The project also involved improvements to the 53-acre garden, and adding 69 parking spaces, for a total of 119.

Construction cost $9.46 million.

Bellevue Botanical Garden opened in 1992 and has become one of the most popular public gardens in the Northwest, spurred by a growing interest in native plants and gardening, as well as educational and family-focused programs at the garden.

The original visitor center was in a house designed in 1957 by prominent Northwest architect Paul Kirk. That house now will be used for other functions.

The new visitor center was designed to meet LEED gold standards. It has a covered outdoor orientation space, gift shop, resource libraries, meeting rooms and administration spaces.

Olson Kundig said in a press release that the program areas are arranged as small structures under broad roofs so visitors can move from inside to outside and from one building to the next through the gardens.

A double-height education wing can be subdivided into classrooms and meeting spaces for events such as the Living Lab Program. Spaces open onto the gardens via large rolling doors.

The new terraced parking lot and entry are surrounded by new plantings. Pedestrian pathways lead to different gardens.

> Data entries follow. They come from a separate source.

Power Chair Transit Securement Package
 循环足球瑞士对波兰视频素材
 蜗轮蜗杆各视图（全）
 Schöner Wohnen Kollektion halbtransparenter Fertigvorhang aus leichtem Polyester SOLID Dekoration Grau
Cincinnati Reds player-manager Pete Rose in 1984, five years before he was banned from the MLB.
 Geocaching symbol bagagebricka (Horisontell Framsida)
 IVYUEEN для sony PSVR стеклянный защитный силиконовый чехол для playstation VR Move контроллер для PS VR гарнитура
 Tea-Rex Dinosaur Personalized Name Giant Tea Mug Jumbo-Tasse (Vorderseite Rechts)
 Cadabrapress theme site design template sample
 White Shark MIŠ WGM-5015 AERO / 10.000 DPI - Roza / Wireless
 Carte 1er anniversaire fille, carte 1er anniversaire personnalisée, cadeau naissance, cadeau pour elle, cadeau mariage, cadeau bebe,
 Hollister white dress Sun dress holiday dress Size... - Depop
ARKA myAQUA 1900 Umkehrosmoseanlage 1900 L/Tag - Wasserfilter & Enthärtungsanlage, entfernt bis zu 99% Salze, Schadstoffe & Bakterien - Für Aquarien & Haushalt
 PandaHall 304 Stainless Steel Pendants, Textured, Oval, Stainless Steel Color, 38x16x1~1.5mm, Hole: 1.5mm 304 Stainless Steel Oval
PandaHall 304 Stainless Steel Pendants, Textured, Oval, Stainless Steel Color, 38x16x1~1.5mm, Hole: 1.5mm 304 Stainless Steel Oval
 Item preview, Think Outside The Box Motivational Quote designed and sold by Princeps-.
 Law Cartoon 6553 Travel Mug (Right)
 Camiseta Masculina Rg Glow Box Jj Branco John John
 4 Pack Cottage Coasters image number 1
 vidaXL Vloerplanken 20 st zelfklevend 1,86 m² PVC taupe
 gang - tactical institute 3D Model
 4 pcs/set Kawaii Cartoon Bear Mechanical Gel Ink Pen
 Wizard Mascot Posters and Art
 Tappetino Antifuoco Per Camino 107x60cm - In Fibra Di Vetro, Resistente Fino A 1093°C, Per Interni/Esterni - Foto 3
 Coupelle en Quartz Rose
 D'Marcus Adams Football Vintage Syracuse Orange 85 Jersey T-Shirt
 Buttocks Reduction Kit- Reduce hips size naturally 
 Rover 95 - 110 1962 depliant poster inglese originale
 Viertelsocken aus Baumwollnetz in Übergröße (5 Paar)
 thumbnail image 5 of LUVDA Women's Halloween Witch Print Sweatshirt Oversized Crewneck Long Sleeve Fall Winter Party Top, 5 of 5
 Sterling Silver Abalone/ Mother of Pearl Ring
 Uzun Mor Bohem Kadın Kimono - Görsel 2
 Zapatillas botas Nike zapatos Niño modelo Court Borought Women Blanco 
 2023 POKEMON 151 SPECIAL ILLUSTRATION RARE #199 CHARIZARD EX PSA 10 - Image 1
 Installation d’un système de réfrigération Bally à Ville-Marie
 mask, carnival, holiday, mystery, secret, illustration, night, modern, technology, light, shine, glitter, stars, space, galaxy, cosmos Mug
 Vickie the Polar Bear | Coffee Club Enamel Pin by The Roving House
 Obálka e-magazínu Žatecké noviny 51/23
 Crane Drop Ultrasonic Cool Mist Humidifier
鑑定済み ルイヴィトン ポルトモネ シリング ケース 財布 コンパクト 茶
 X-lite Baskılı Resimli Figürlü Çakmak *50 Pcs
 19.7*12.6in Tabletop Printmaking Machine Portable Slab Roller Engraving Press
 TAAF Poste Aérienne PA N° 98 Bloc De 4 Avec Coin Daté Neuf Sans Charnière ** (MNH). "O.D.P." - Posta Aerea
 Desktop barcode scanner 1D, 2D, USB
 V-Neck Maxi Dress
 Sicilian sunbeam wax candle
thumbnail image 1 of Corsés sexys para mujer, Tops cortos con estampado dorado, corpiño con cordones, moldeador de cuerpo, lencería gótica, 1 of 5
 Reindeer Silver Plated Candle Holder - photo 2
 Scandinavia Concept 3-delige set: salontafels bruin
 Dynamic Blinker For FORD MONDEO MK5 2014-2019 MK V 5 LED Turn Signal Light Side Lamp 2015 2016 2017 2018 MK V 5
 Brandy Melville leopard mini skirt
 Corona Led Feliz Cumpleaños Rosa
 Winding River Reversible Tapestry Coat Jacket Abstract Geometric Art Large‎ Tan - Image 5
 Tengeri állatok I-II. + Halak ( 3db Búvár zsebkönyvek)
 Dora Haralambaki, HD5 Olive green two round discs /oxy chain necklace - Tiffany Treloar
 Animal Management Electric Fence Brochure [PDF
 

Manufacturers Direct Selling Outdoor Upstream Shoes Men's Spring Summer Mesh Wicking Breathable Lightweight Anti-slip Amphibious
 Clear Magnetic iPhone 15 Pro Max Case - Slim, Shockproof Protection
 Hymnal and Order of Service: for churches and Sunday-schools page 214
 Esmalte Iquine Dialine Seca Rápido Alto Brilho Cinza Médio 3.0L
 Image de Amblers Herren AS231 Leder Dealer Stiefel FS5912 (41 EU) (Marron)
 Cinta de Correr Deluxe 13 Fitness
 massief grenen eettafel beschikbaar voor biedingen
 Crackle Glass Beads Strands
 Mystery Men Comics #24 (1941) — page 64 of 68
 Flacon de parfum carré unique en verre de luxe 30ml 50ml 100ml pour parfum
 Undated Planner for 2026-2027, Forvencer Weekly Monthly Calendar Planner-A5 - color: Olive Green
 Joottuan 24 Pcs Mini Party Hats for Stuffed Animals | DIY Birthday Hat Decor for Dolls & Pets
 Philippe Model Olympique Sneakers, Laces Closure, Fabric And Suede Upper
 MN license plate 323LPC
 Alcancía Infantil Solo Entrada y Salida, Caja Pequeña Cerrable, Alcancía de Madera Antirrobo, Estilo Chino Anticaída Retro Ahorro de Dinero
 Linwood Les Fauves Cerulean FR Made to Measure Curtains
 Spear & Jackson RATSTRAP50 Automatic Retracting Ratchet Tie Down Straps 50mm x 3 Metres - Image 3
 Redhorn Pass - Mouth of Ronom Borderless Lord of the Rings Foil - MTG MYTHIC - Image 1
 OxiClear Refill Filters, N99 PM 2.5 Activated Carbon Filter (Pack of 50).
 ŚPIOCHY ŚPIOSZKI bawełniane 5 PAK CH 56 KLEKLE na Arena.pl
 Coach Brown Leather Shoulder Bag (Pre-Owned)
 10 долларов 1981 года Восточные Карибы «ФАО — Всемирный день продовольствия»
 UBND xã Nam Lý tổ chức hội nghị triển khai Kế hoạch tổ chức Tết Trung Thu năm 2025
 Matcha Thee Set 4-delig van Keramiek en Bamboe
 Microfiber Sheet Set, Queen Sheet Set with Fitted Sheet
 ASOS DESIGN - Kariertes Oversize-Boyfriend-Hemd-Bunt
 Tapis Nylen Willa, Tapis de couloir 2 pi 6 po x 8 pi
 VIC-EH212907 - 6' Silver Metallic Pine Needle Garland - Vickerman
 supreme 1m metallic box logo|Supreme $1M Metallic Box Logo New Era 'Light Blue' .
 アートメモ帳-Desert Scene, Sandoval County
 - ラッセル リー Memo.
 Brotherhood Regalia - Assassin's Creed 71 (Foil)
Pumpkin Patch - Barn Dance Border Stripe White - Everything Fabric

Olson Kundig said the new center's design merges civic functions with residential scale. The goal was to create intimate, inspirational spaces for exploration and reflection, and blur the boundaries between architecture and nature.

Jim Olson, the design architect, said, “The building is uniquely Northwest, inspired by our modern mid-century master architects, especially Paul Kirk.”

The Olson Kundig design team includes Olson; Kevin Kudo-King, project manager; and Martina Bendel and Misun Chung Gerrick, project architects.